Pictures with short captions
········
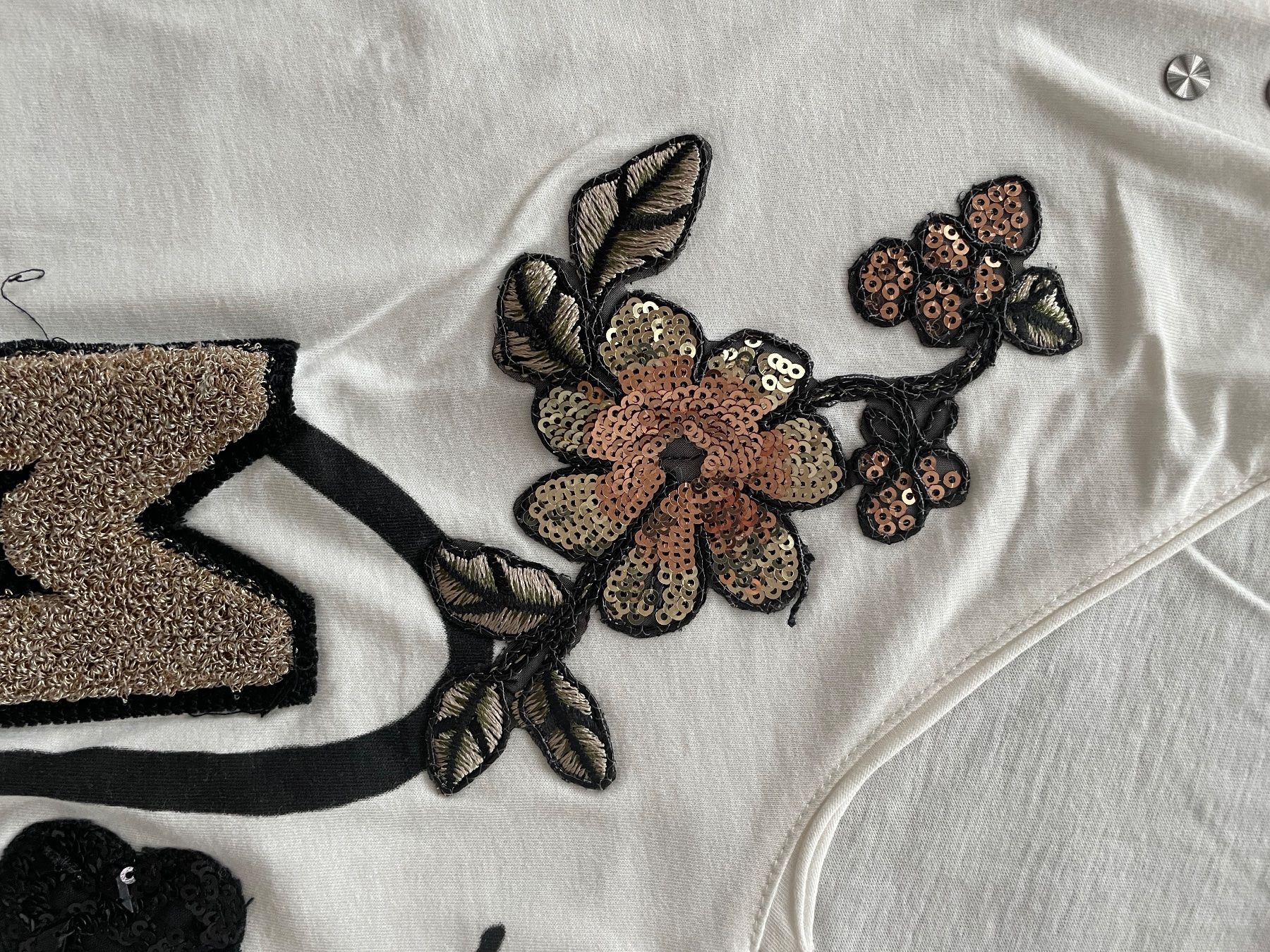 Mos mosh T-shirt: Mos mosh T - shirt – Nuovo (secondo la descrizione) da Unteriberg venduto da fae_2gz2 2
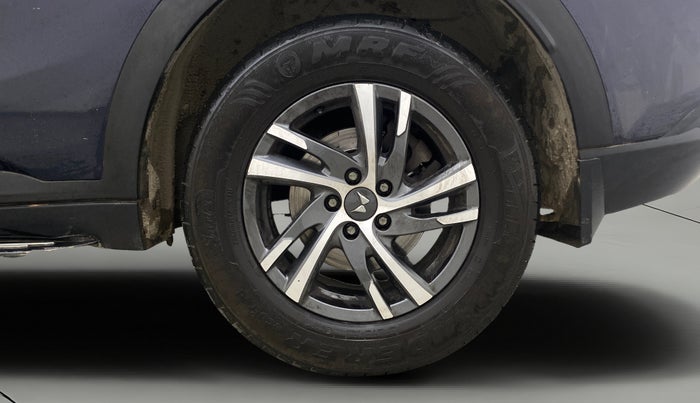 2023 Mahindra XUV700 AX 5 P AT 5 STR, Petrol, Automatic, 21,340 km, Left Rear Wheel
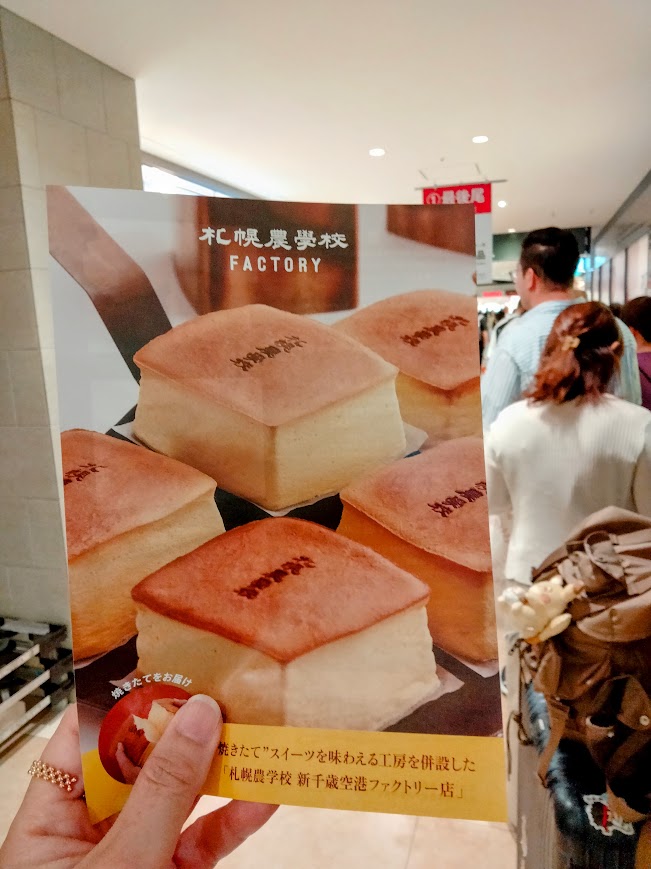 札幌農学校のチラシを手に持って列にならんでいる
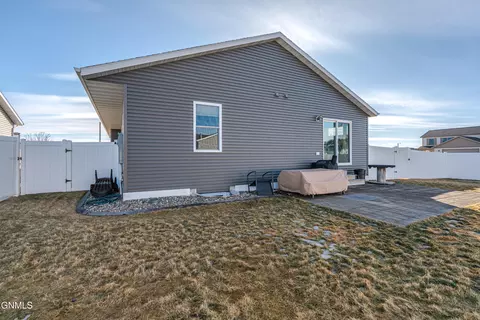Exterior - 6830 Dolan Dr, Lincoln, ND 58504 photo 14 of 15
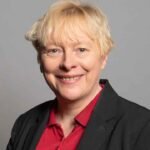 "Havant Thicket Takes Center Stage: Environment Secretary Touts New Reservoir as Key to Drought-Proofing Britain"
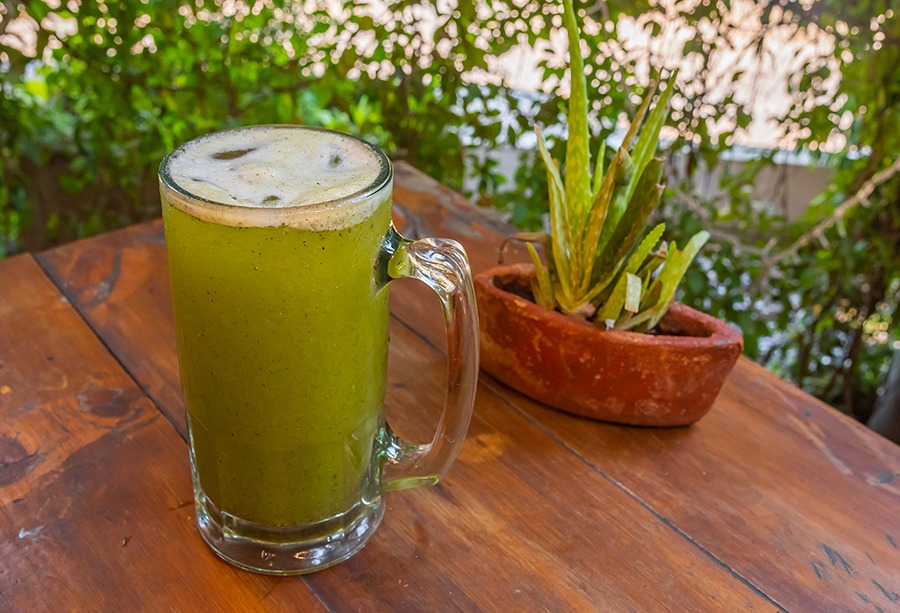 Agua Frescas de Litro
········
Assignment
Return nothing except the lines from the one containing "2023 Mahindra XUV700" through the final line of the data, copied exactly. Leave out all pictures.

Written reply
 2023 Mahindra XUV700 AX 5 P AT 5 STR, Petrol, Automatic, 21,340 km, Left Rear Wheel
 札幌農学校のチラシを手に持って列にならんでいる
Exterior - 6830 Dolan Dr, Lincoln, ND 58504 photo 14 of 15
 "Havant Thicket Takes Center Stage: Environment Secretary Touts New Reservoir as Key to Drought-Proofing Britain"
 Agua Frescas de Litro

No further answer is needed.